- [Exercise brief]
Reproduce exactly the line with "pesto à l’ail des ours" and every line that follows it below, up to and including the last one. Do not include pictures or anything else.
BEGIN
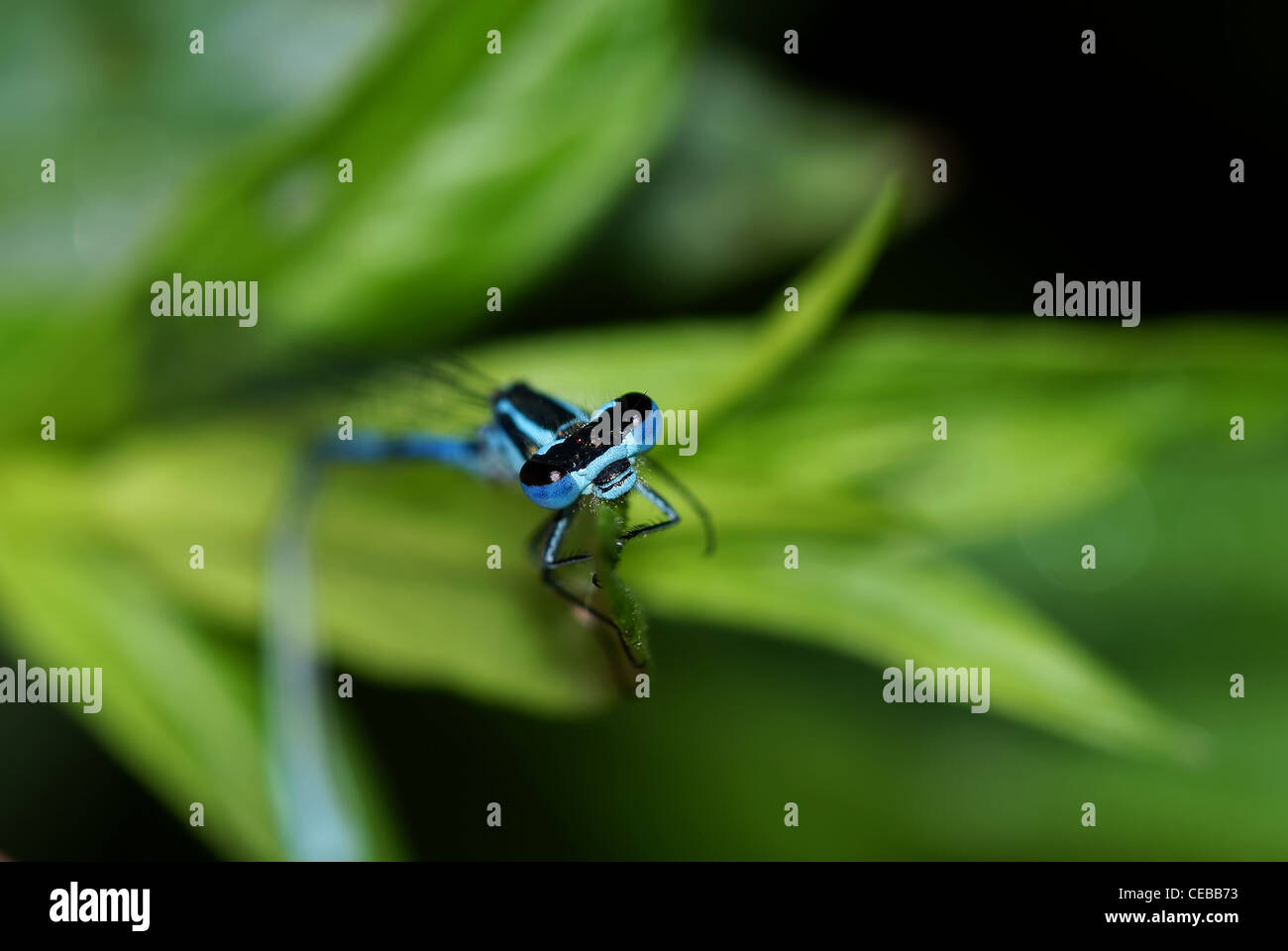 Common Blue Damselfly Stock Photo - Alamy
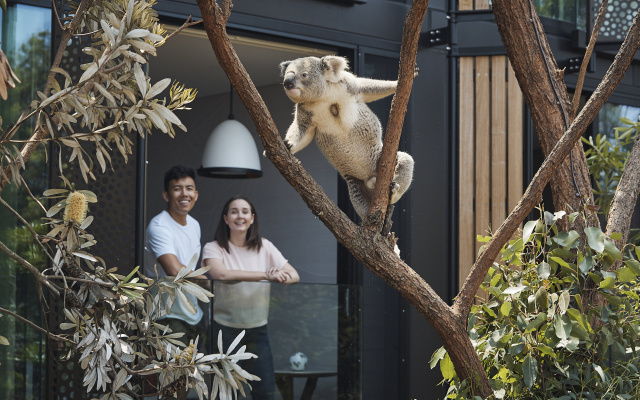 Wildlife Retreat at Taronga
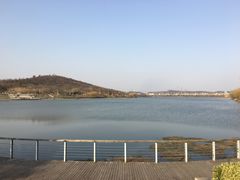 -羊山湖公园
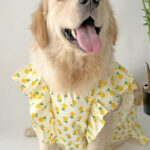 Pet dog Clothing Dog Labrador Samoyed skirt Golden fur edge pastoral vest Medium large dog vest. - Image 3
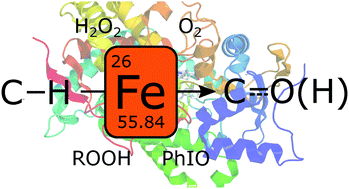 Graphical abstract: Molecular iron complexes as catalysts for selective C–H bond oxygenation reactions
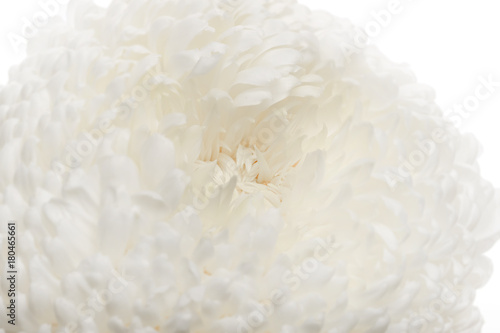 flower white  chrysanthemum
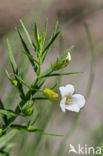 Genadekruid (Gratiola officinalis)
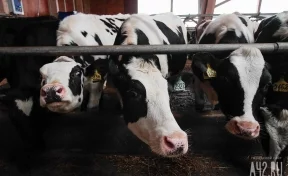 Во Франции более 20 коров погибли из-за удара молнии 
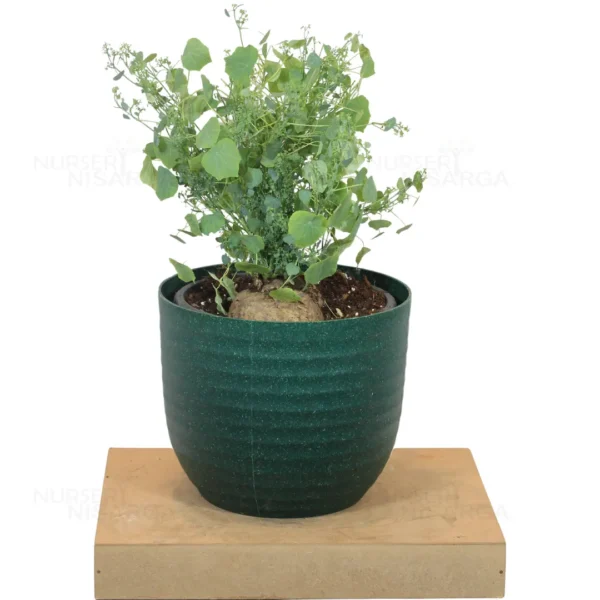 Buy Stephania Tuber Plant from nursery nisarga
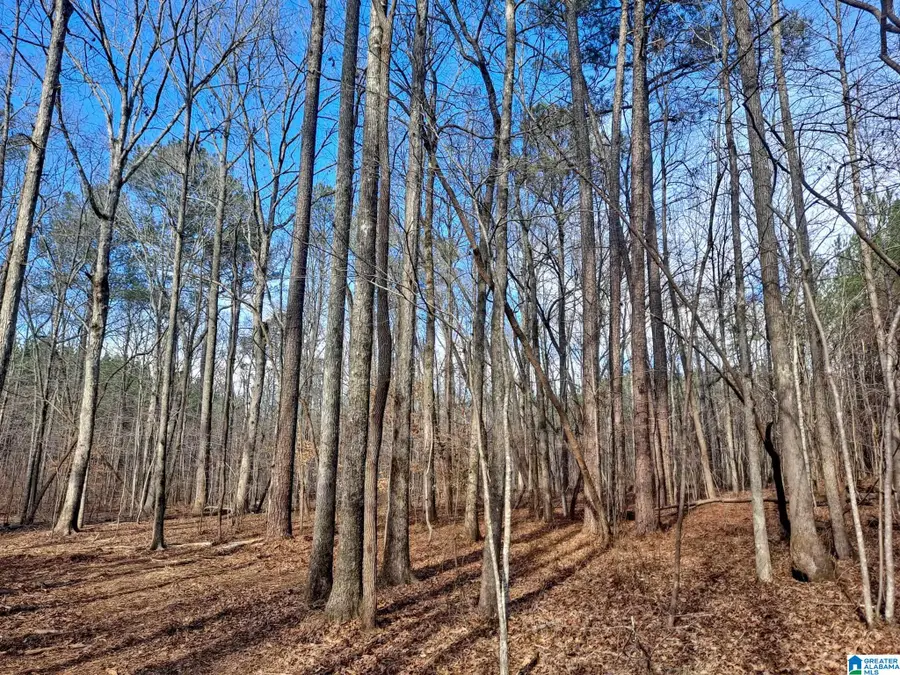 COUNTY ROAD 44, Brilliant, AL 35548 - Image #3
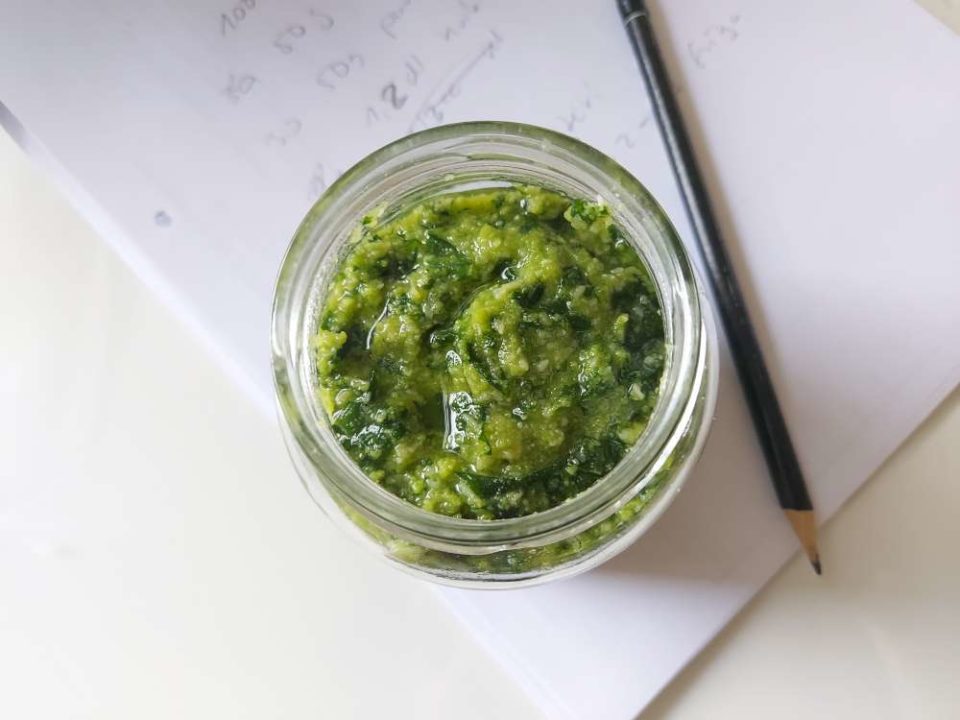 pesto à l’ail des ours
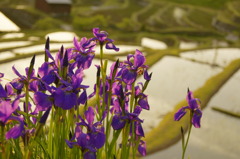 菖蒲
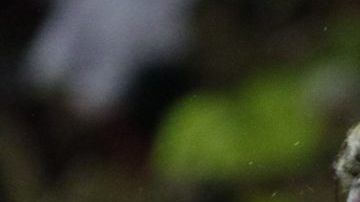 El tenista español Rafael Nadal fue eliminado por Nick Kyrgios del Abierto mexicano en Acapulco.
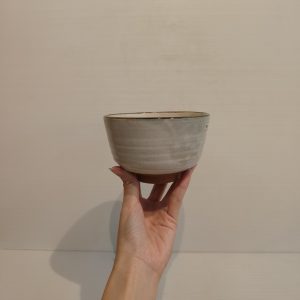 白釉茶碗 [信樂] [紫雲窯]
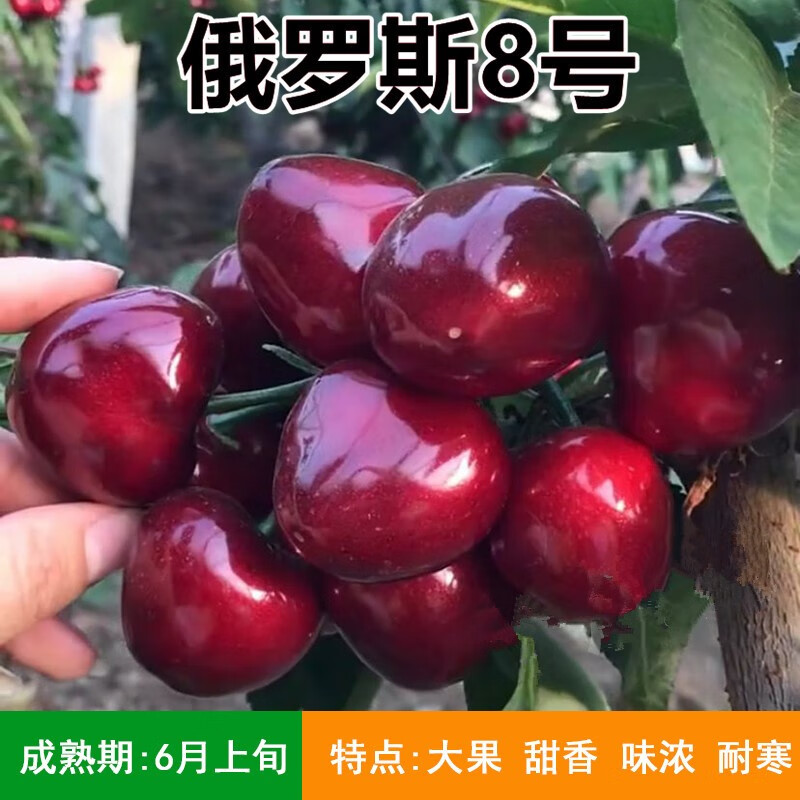 树苗特大樱桃树苖南方北方四季种植地栽别墅庭院果树苗 俄罗斯八号 2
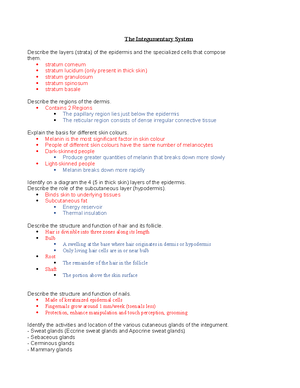 Week 7 Prep - Joints - teacher: Professor Patterson - Anatomy ...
END
- [Output for this exercise]
 pesto à l’ail des ours
 菖蒲
 El tenista español Rafael Nadal fue eliminado por Nick Kyrgios del Abierto mexicano en Acapulco.
 白釉茶碗 [信樂] [紫雲窯]
 树苗特大樱桃树苖南方北方四季种植地栽别墅庭院果树苗 俄罗斯八号 2
 Week 7 Prep - Joints - teacher: Professor Patterson - Anatomy ...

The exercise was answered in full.